***** Data excerpts

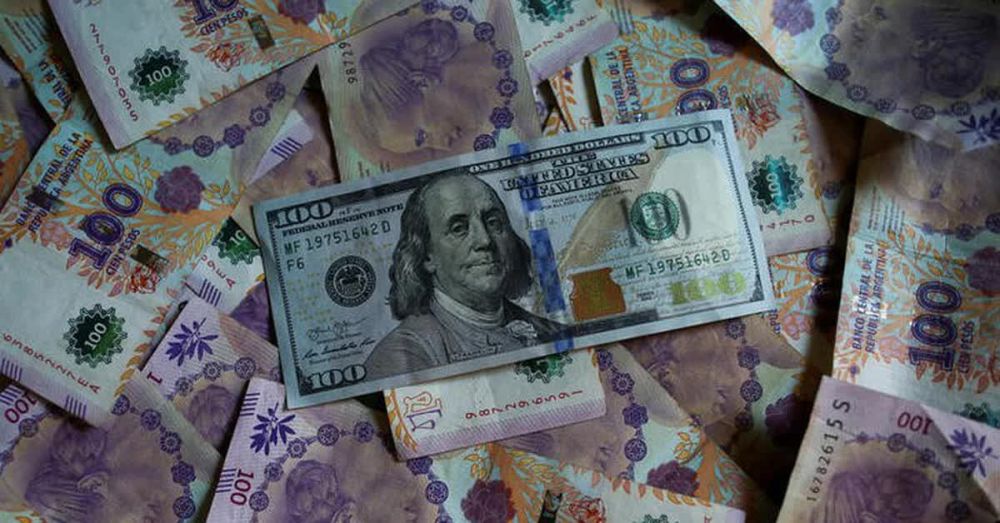 El Gobierno acumula atraso cambiario y pierde el efecto positivo de la suba del dólar en el mundo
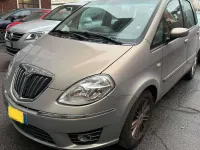 Usata Lancia Musa 95 CV (69 kW) 2009 Grigio Monovolume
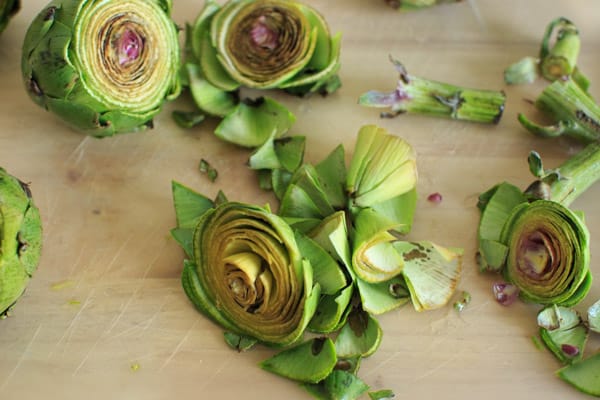 Lemon Garlic Roasted Artichokes - a simple and different way to cook this veggie side dish. Serve with melted butter or other favorite dip!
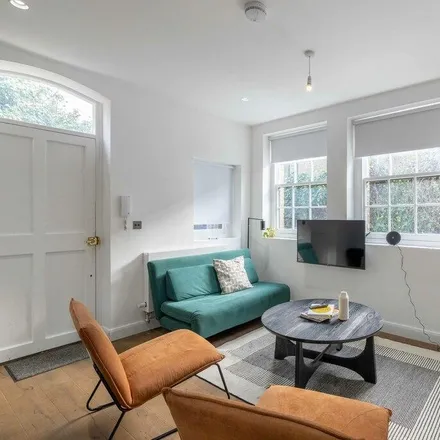 Rent this 1 bed apartment on 20 Macroom Road in London, W9 3HZ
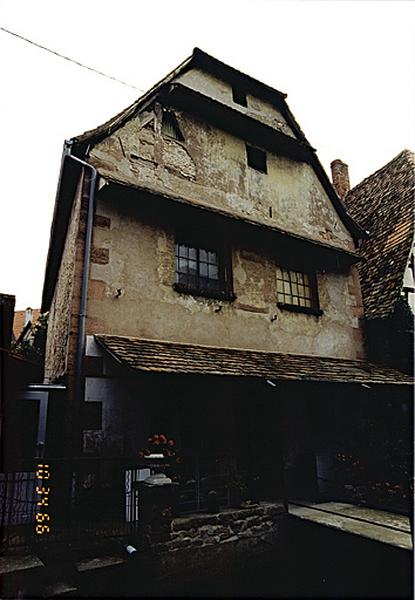 Dépendance en fond de cour de 1728. Vue d'ensemble depuis la rive droite de la Lauter.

**********

:: Exercise requirements ::
Copy the whole of the material above exactly, and exclude every picture.

:: Response below ::
 El Gobierno acumula atraso cambiario y pierde el efecto positivo de la suba del dólar en el mundo
 Usata Lancia Musa 95 CV (69 kW) 2009 Grigio Monovolume
 Lemon Garlic Roasted Artichokes - a simple and different way to cook this veggie side dish. Serve with melted butter or other favorite dip!
 Rent this 1 bed apartment on 20 Macroom Road in London, W9 3HZ
 Dépendance en fond de cour de 1728. Vue d'ensemble depuis la rive droite de la Lauter.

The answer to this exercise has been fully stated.